Lynn Videka Named New Dean Of Silver School of Social Work
Lynn Videka has been appointed as dean of NYU’s Silver School of Social Work, effective Sept. 1. Videka, whose research interests include vulnerable children and families receiving child welfare and mental health services, is currently vice president for research at the State University of New York at Albany and a Distinguished Service Professor.
Videka was dean of the School of Social Welfare at SUNY Albany from 1989 to 1999. Her tenure was notable for its many successes, including establishing dual degree programs in social work and sociology and social work and human development, a 400 percent increase in annual fund gifts, and a 200 percent increase in externally funded grants.

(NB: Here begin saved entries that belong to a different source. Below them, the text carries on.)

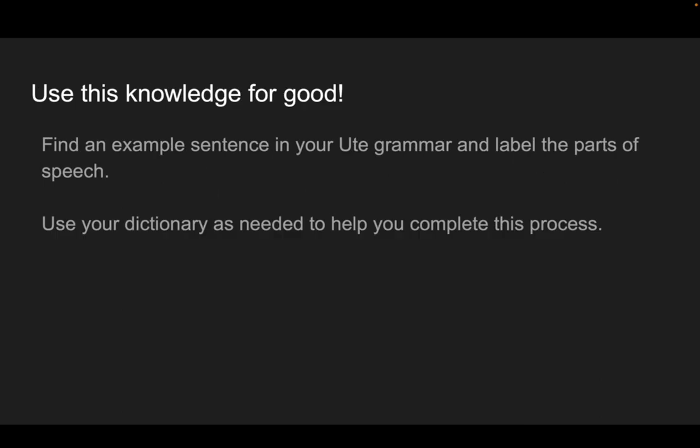See if you can do this — maybe with another English sentence, maybe with a sentence you find in the Ute grammar, or maybe a sentence you already know in Ute. See if you can figure out the parts of speech. See if using the dictionary can help. I hope to see you in the next video. Thanks for joining me for this one.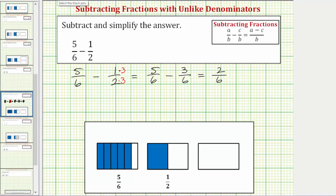There are a couple of ways of showing the simplification. One way is to divide the numerator and denominator by two. Two divided by two is equal to one, and six divided by two is equal to three. So the difference equals one-third.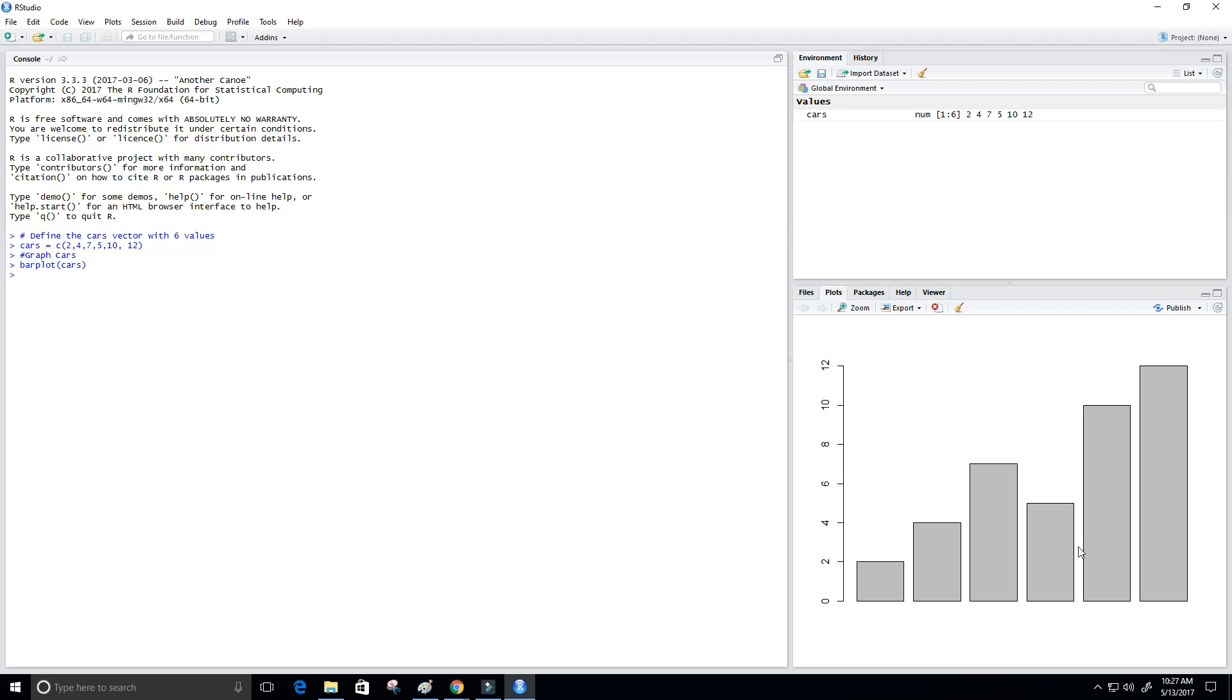You can see here on the right we get our bar graph with six different values. Thank you guys, I hope you enjoyed this short video on creating a simple bar plot using the R programming language. I'll see you all in the next video.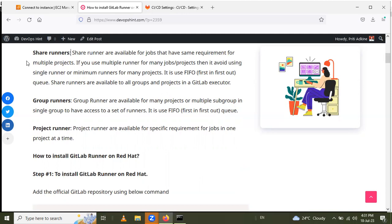To explain shared runner further: you have all groups, and within that group you have multiple projects with the same requirement. Instead of creating a different runner for each project, you can use a single shared runner for all those multiple projects. This is the shared runner concept.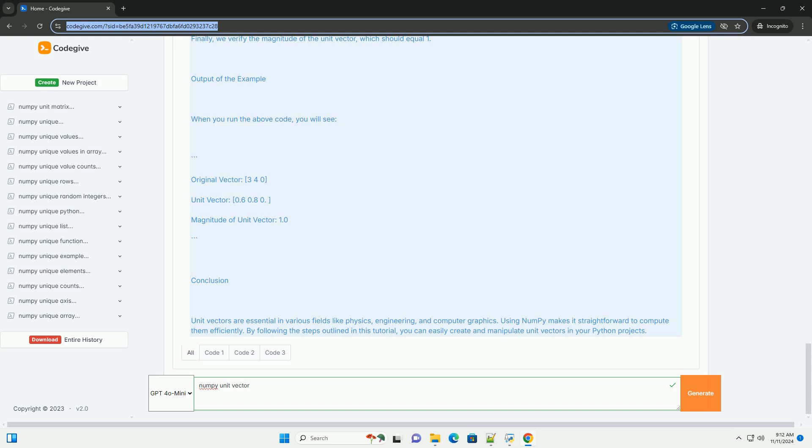Zero vector check: Before dividing, we check if the magnitude is zero to prevent division by zero errors. If the vector is a zero vector, we raise a value error. Unit vector calculation: We return the unit vector by dividing the original vector by its magnitude.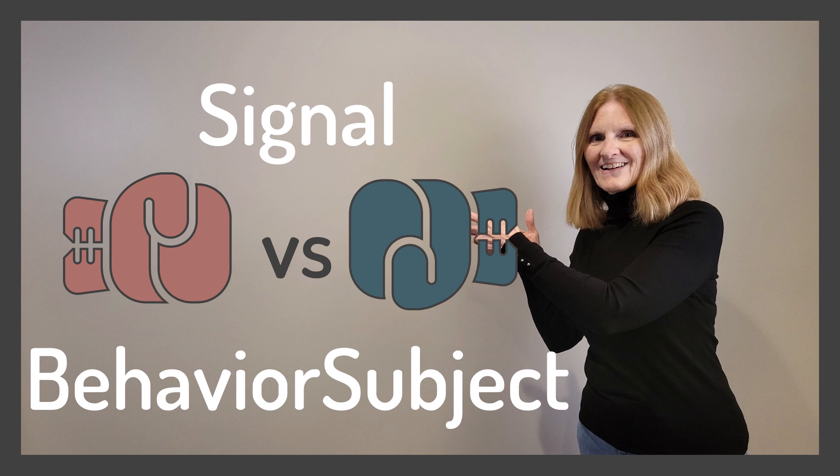Hey! On the one hand, we have the tried-and-true behavior subject, and on the other hand, we have the new signal features. Let's get ready to rumble! Just kidding. In reality, there are use cases for both.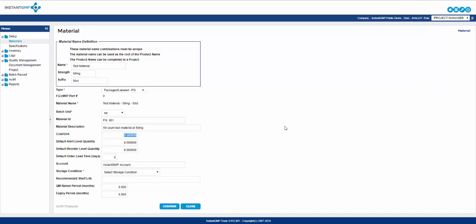Cost per unit allows you to place a numerical value for how much it costs to purchase or sell a piece of inventory per batch unit. Default alert level quantity is utilized in our automatic report system which will send selected users an email notifying them inventory has hit the alert limit and should be monitored for repurchasing soon.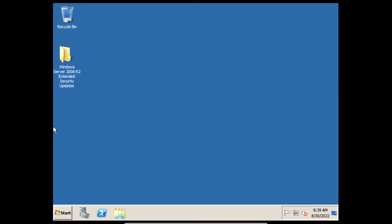Hey everyone and welcome back to another video on the channel. In today's video I'll be showing you how to get extended security updates in Windows Server 2008 R2. Before we start the tutorial I want to mention that I'm not responsible for anything that goes wrong to your system, and please proceed at your own risk. Damages to your system are possible, so I'd recommend trying this on a virtual machine or on an older PC that you aren't using.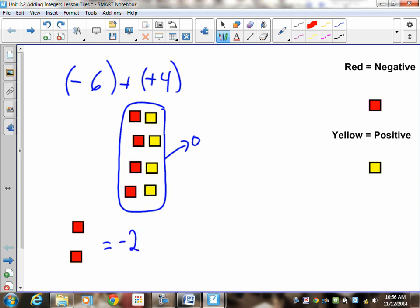Did you represent negative 6 correctly? Did you represent positive 4 correctly? Did you cancel correctly? Did you tell me what was left over? Four marks.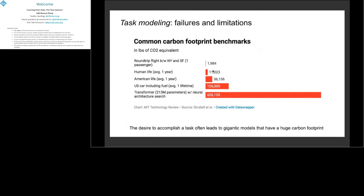Another problem is that because the focus is on accomplishing a task, we don't hesitate to add a lot of degrees of freedom, leading to gigantic neural networks with very large carbon footprints. A study by Strubell et al. shows that training a 213-million-parameter transformer model has significantly more carbon footprint than taking a flight from New York to San Francisco.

“Of all the fields of study we encompass at this great research university, none immerses itself more fully in the contemplation of the role of the individual in community than our Silver School of Social Work,” says President John Sexton. “Each year, they send forth another cohort committed to helping others successfully cope with and overcome the many hurdles that life erects. We cherish public service at NYU; there is no school’s mission of which we are more proud. So, selecting the dean of the Silver School of Social Work is a task we take on with great conscientiousness, because much is at stake—not simply for our students or our faculty, but for those they will go on to help. That is why I am so pleased by the appointment of Lynn Videka as dean. She is superbly qualified—an outstanding scholar whose professional life has been devoted to seeing that those in need receive the best possible services—and her great accomplishments will add not merely to the luster of the school, but will translate into real care for real people.”
Videka has been the vice president for research and a Distinguished Service Professor at Albany since 2006. She joined Albany’s School of Social Welfare as an assistant professor in 1981, was director of the Center for Human Services Research from 1995 to 2003, and was director of the Center for Research on Social Work Practice from 1986 to 1989. Prior to that, she had been project director of “Self-Help Groups and Urban Problems: Alternative Help Systems” at the University of Chicago’s Department of Behavioral Sciences.
Videka is the recipient of many awards and honors, including being named a Distinguished Service Professor by the Trustees of the State University of New York; being named a visiting scholar to several institutions, including Hallym University in Chun Cheon, South Korea; and being the recipient of a Fulbright Fellowship to Bulgaria, among others. She is a widely published author; among her publications are the first social work meta-analysis of mental health practice effectiveness (in 1986) with a subsequent book (Advances in Clinical Social Work Research) and several chapters and articles on the effectiveness of social work practice. She recently authored entries on “Child Neglect” and “Parenting Practices” in the Encyclopedia of Interpersonal Violence (2008), and an article, entitled, “Building Research Infrastructure in Schools of Social Work,” in the journal Social Work Research.
She has held many leadership roles in her profession, including president of the National Association of Deans and Directors of Social Work and the Institute for the Advancement of Social Work Research, vice president of the Society for Social Work and Research, and commissioner of Accreditation and Treasurer of the Council on Social Work Education, among others.